What you need to do: Your answer must consist of every line from the data below that includes the word "with".

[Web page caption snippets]
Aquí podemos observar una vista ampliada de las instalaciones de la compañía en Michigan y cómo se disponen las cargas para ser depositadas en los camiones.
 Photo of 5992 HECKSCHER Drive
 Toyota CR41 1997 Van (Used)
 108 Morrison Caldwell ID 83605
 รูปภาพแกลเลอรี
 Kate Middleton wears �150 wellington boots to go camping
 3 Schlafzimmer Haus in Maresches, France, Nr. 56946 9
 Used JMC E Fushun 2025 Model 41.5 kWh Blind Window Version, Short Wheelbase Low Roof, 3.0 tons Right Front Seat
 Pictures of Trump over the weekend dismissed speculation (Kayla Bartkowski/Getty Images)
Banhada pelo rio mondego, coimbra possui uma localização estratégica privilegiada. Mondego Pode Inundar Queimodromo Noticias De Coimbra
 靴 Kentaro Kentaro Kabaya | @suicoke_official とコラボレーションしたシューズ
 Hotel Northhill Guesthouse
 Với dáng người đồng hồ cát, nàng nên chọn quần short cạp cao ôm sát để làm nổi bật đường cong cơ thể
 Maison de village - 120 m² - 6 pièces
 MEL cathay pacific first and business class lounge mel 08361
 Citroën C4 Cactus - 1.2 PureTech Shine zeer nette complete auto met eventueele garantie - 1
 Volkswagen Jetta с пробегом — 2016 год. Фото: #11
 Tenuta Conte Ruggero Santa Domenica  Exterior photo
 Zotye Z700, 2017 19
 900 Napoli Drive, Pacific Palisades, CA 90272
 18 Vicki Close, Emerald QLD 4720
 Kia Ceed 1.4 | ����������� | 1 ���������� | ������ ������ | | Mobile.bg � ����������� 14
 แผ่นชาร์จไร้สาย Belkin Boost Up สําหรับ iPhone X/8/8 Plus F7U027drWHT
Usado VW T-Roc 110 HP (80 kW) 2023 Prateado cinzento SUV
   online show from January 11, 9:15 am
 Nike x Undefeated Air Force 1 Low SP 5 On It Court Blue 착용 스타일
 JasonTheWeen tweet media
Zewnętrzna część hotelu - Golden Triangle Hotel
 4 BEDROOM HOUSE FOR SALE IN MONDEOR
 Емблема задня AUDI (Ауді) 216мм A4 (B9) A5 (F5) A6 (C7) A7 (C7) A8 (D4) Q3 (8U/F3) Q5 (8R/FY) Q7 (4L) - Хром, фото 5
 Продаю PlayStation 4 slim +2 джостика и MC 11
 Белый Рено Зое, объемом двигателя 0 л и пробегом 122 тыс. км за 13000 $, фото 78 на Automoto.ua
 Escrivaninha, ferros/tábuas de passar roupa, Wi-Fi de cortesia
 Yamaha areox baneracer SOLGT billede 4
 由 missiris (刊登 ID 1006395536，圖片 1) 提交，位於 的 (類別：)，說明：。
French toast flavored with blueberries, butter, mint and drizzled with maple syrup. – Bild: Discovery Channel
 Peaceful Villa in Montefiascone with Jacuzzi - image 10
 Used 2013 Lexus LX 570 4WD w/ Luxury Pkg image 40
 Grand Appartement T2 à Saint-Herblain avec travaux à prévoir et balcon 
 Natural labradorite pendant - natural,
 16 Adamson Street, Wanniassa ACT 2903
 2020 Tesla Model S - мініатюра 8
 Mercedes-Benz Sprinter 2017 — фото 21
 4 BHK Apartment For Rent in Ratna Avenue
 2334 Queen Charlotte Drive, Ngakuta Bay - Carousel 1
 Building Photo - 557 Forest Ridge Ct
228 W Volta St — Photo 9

Answer box:
French toast flavored with blueberries, butter, mint and drizzled with maple syrup. – Bild: Discovery Channel
 Peaceful Villa in Montefiascone with Jacuzzi - image 10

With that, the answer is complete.